(LISTED ENTRIES)

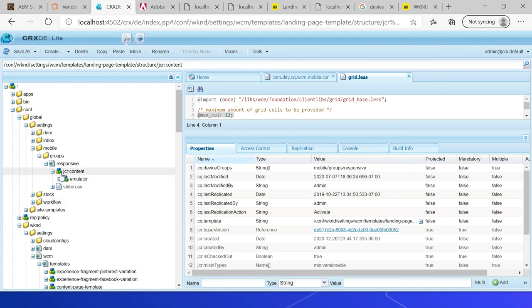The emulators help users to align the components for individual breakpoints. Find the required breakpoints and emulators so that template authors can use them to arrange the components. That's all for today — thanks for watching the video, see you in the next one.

(End LISTED ENTRIES)
(LISTED ENTRIES)

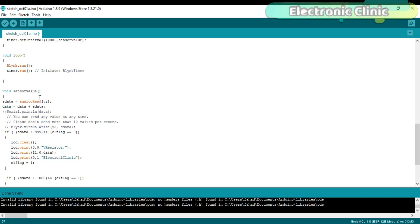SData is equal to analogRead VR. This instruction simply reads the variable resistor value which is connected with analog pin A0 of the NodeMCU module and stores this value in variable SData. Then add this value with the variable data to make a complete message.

(End LISTED ENTRIES)
(LISTED ENTRIES)

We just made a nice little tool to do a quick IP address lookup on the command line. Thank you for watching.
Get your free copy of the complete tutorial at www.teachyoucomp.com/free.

(End LISTED ENTRIES)

**ABOUT THIS EXERCISE**
For the lines above, output exactly those from the line containing "We just made" through the line containing "Get your free", and skip the others.

**RESULT OF THE EXERCISE**
We just made a nice little tool to do a quick IP address lookup on the command line. Thank you for watching.
Get your free copy of the complete tutorial at www.teachyoucomp.com/free.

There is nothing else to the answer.